=== Begin Enclosure ===

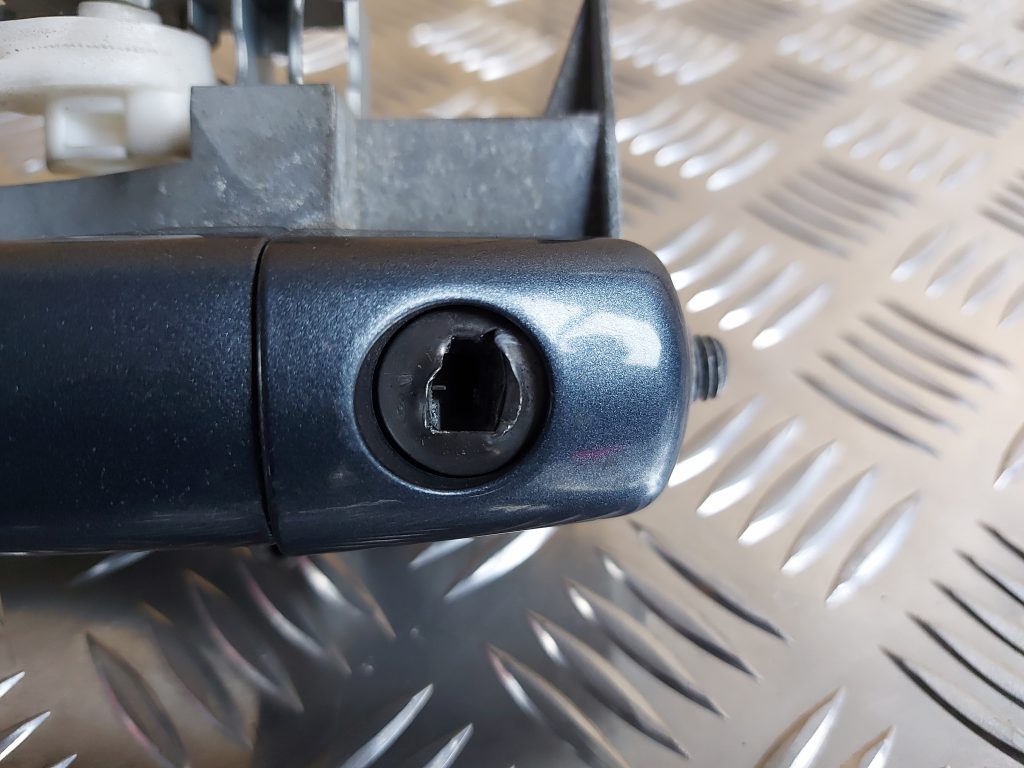 Priekšējāis kreisais durvju rokturis priekš PEUGEOT 407 2006 3 Priekšējāis kreisais durvju rokturis priekš PEUGEOT 407 2006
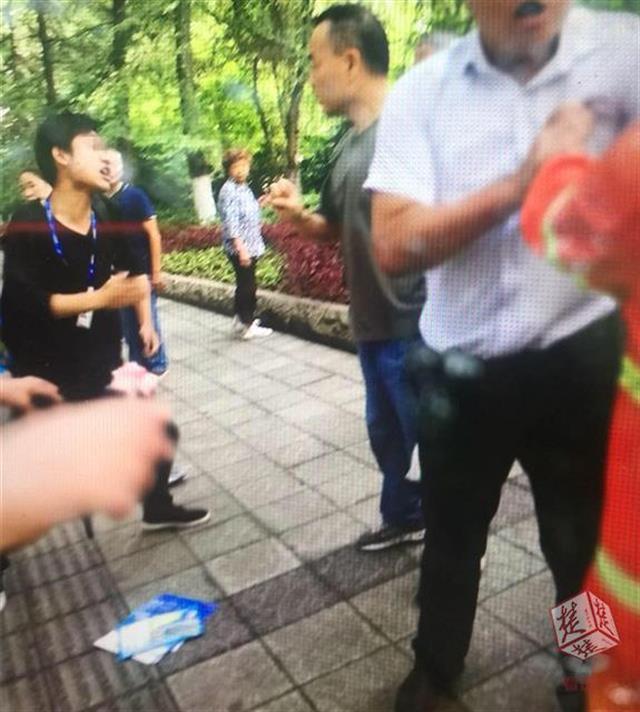 3男女街头散发小广告 五旬环卫女工劝阻遭殴打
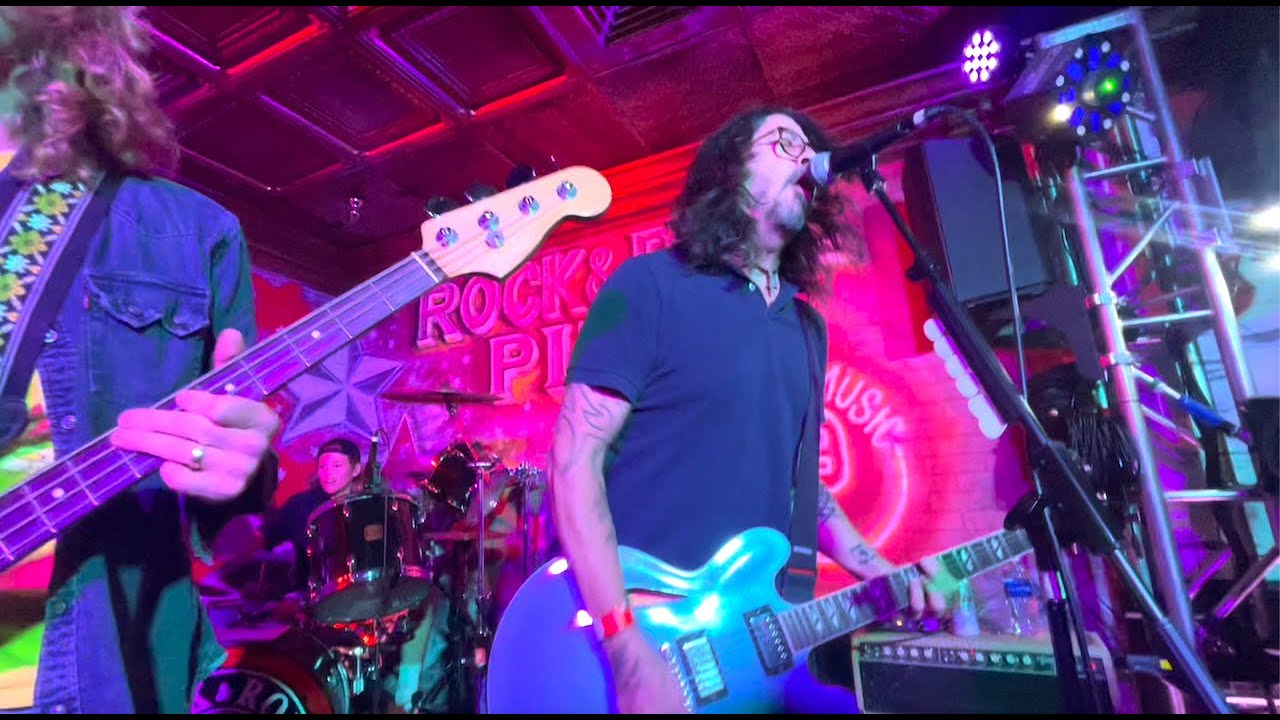 Chevy Metal w/ Dave Grohl - Stage Entrance & 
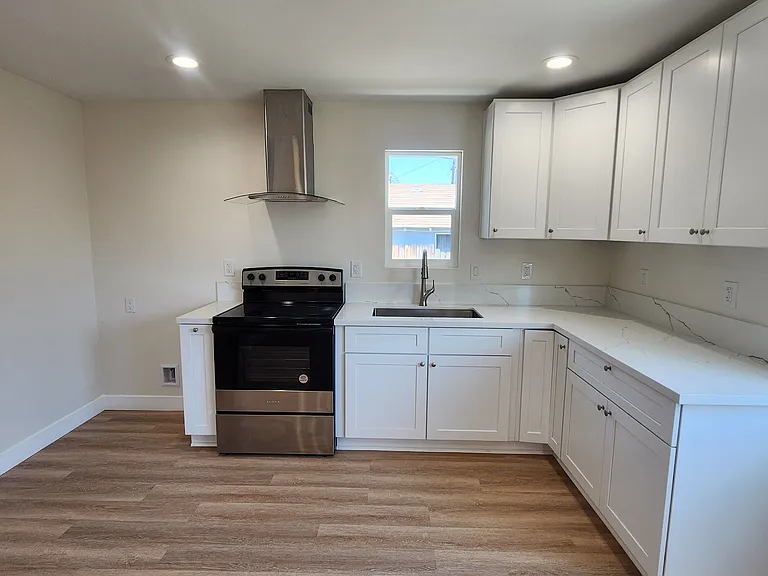 915 W 8th St #2 — Photo 5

=== End Enclosure ===

Print the lines from the one that contains "Chevy Metal w/" through the last line of the data, exactly and in full, and no other lines. Pictures are not part of the copy.

*WORKED SOLUTION*:
 Chevy Metal w/ Dave Grohl - Stage Entrance & 
 915 W 8th St #2 — Photo 5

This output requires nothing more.